Not going out in the neighborhood meant that I couldn’t go out at all. I stopped by the “LGBT Community Center” one day. I figured that a safe place to change was a basic service to the “T” community. The receptionist told me, “No, we don’t let people change in the bathroom, because they make a mess with all the makeup and stuff.” (They have since changed their policy, and you are allowed to change in the bathroom.)
And then one late summer day I was at home. I’d been laid off. I put on a skirt and heels and admired myself in the mirror, and then I started to take them off. No, I said. Fuck this.
I stripped down to my underwear and put on a layer of foundation makeup. Then I put on some androgynous pants and a T-shirt and packed a bag. In Riverside Park I put on lipstick and earrings. In a Barnes and Noble women’s room I changed into my skirt and heels. Then I got on the subway and walked around Midtown.
It felt so good to be walking around as a woman. I felt pretty and free and excited. I didn’t want it to end. And then it came to me: why should it end? Everyone here sees me as a woman. My neighbors will see me as a woman. None of them will recognize me! Nobody in the South Bronx will attack me, because they’ll see me as a woman!
And that’s how I broke my promise to my wife. How I went against my own better judgment. I got on the subway in my skirt and heels and lipstick, with my guy clothes in a shoulder bag. Half an hour later I walked up the stairs and click-clicked my heels down the Grand Concourse to my building.
Then I remembered the older guys that hang out in front of my building. They’re an interesting combination of doorman, neighborhood watch and senior citizens’ club. They weren’t there when I left in the late morning, but of course they were there in the late afternoon. They held the door for me, and I scooted inside.
Clicking around the corner I came face-to-face with my next-door neighbor. “Hi, Myrna!” I blurted out in my perky women’s voice, before disappearing inside my apartment. Why, no, I’m not your neighbor, I’m a complete stranger who just happens to know your first name!
As it turns out, there was no fallout from that incident. I ran into Myrna a couple of weeks later, and she said, “I saw your … sister?” I said, “Oh, you mean my cousin!” Her son helpfully translated, “Ah, la prima!” which suggested that I had been the topic of their dinner-table conversation. The guys at the front door asked my wife, “So you live with your … brother?” She said, “No, my husband.”

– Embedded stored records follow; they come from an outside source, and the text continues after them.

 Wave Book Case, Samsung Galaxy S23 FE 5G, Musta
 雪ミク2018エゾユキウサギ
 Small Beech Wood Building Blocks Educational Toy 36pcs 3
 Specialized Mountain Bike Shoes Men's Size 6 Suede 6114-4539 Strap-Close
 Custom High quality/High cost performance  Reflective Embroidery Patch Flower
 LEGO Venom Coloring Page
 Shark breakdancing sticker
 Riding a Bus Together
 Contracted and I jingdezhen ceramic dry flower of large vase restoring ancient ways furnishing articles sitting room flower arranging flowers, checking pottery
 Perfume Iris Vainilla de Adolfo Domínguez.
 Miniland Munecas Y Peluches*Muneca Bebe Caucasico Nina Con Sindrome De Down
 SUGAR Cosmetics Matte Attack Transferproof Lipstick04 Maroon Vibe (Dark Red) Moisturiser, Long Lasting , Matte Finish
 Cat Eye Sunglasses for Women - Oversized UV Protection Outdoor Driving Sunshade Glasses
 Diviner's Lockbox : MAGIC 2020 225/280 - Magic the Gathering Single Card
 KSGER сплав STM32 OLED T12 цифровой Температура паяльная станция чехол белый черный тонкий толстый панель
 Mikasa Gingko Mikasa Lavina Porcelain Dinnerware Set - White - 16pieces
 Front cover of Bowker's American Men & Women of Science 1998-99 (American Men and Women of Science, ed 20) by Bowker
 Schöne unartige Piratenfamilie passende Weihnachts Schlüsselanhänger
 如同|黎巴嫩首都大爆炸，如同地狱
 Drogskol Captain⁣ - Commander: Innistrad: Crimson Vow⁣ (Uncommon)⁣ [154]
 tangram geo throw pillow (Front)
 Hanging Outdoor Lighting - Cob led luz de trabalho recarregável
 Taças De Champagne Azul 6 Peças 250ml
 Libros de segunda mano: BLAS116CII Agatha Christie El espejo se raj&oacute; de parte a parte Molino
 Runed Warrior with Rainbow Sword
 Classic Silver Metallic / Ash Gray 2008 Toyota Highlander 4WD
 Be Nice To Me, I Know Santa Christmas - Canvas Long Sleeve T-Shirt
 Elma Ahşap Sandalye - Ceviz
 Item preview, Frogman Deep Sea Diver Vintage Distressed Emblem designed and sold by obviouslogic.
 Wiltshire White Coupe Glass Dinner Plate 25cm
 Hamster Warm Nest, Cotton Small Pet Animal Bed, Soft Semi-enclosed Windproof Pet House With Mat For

And that was the end of it. Nobody attacked me, nobody harassed me. Everyone was just as friendly as before. That’s not the point, of course.
The point is that it could have been worse. My wife and I sat down and made a sober assessment of the state of our neighborhood and the risks of going out in public there. I was frustrated with that, which is reasonable. In a thoughtful, sober state of mind, I would have gone to CDI until I had a chance to move to a less notorious neighborhood, and in fact that’s what I later did.
The point is that I took this sober assessment and threw it out the window. And that’s an example of gender fog.